Aus dem Blickwinkel des professionellen Schwerpunkts der jeweiligen Betätigungen stellt sich indes rechtspolitisch die Frage, ob es nicht sinnvoll ist, die weitgehend standardisierten rechtlichen Aspekte mit Hilfe digitaler Instrumente und einer darauf bezogenen beruflichen Kompetenz, die durch eine Zusatzausbildung vermittelt sowie einen Sachkundenachweis bestätigt werden kann, den jeweiligen Berufsträgern zu eröffnen.40 Dabei ist auch zu beachten, dass in der Praxis vor allem im Stadium der Antrags- und Widerspruchsverfahren das fachspezifische Wissen für den Erfolg der Rechtsdienstleistung oft wichtiger ist als die rein juristische Expertise.
Einen weiteren rechtspolitisch bedeutsamen Aspekt spricht Kilian in seiner Urteilsanmerkung zum Vertragsgenerator-Urteil des BGH an.41 Er wirft dort die Frage auf, ob Angebote, die als „legal self help“ zu verstehen sind, nicht durch den Staat bereitgestellt werden sollten.

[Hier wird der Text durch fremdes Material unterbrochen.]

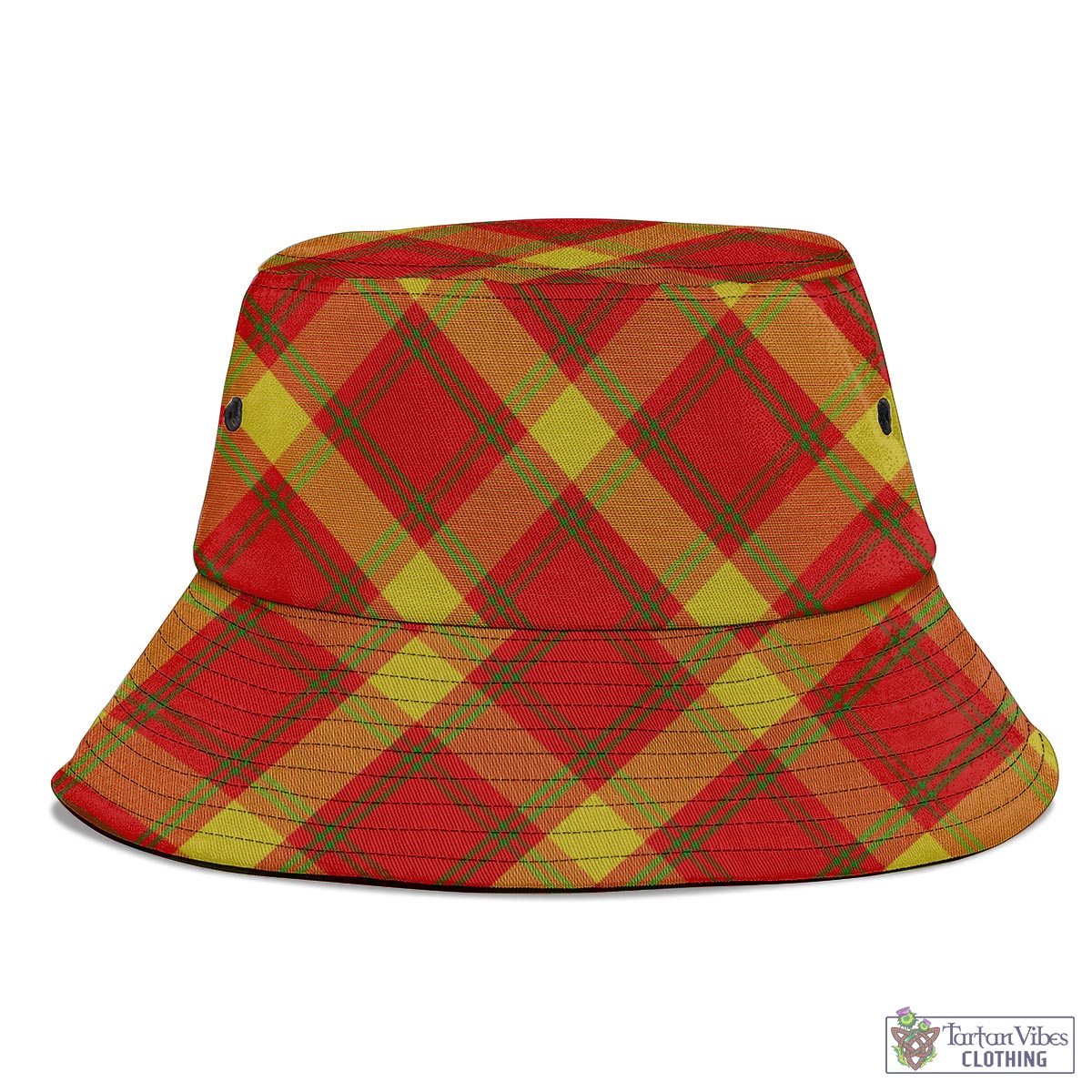 McGuire Modern Tartan Bucket Hat - Tartan Vibes Clothing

Als Ausgangspunkt für die verfassungsrechtliche Einordnung dieser Fragestellung kann auf den „Zugang zum Recht“ abgestellt werden, der sich nach bisherigem Verständnis auf den Zugang zu fairem gerichtlichem Rechtsschutz42 einschließlich einer Prozesskostenhilfe bezieht.43 Hinzu kommen thematisch begrenzte einfachgesetzliche Beratungs- und Unterstützungspflichten, insbesondere im Bereich des Sozialrechts, wie z.B. in § 14 SGB I.44
Im Interesse einer allgemeinen Erleichterung von behördlichen Genehmigungsverfahren hat der Europäische Gesetzgeber in vielen Bereichen die Mitgliedstaaten dazu verpflichtet, den Informationsaustausch, die Antragstellung und das Genehmigungsverfahren elektronisch auszugestalten.45 Über die Digitalisierung des Verfahrens hinausgehend könnte aber auch der Zugang zum Recht jedenfalls in denjenigen Rechtsgebieten, die für Privatpersonen von besonderer Bedeutung für die persönliche Lebensführung sind, digital in der Weise ausgestaltet werden, dass neben dem Zugang zu den gesetzlichen und untergesetzlichen Regelungen, der in Umsetzung des Transparenzgrundsatzes bereits weitgehend gewährleistet ist, grundlegende Orientierungen in Bezug auf den eigenen Fall digital bereitgestellt werden. Dies ist etwa in Bereich der Anerkennung von Berufsqualifikationen bereits der Fall46 und erleichtert vor Inanspruchnahme einer Beratung eine erste Lageeinschätzung.
Ähnlich wie bei der rechtlichen Beratung von Flüchtlingen durch das Bundesamt für Migration und Flüchtlinge nach § 12a AsyLG stellt sich auch hier das Problem der Wahrung von Neutralität47 sowie der Auswirkungen auf die Märkte von Rechtsdienstleistern. Durch die Zuständigkeit einer weisungsfrei gestellten ausführenden Stelle könnte die Neutralität abgesichert werden und die überschaubaren Auswirkungen auf den Umsatz von Rechtsdienstleistern sind durch den verfolgten öffentlichen Zweck mehr als gerechtfertigt. Die entscheidende Hürde dürfte deshalb in der Bereitstellung der finanziellen Mittel für entsprechende Angebote und deren Pflege liegen.
Die Digitalisierung stellt die im Bereich der Rechtsdienstleistungen tätigen Professionen nicht als solche in Frage, erweitert und verändert aber an vielen Stellen die Handlungsmöglichkeiten und verlangt Anpassungen des Berufsrechts und der Marktordnungen. Wichtig ist dabei vor allem, dass die Interessen der Rechtssuchenden (also der Zugang zum Recht) und die Qualität der Leistungen im Vordergrund stehen. Für den Gesetzgeber bedeutet es auch, dass er in der Pflicht steht, die dynamische Entwicklung genau zu beobachten und angemessen vor allem dann zu reagieren, wenn sich der wettbewerbliche Rahmen spürbar verändert oder die Interessen der Verbraucher gefährdet werden.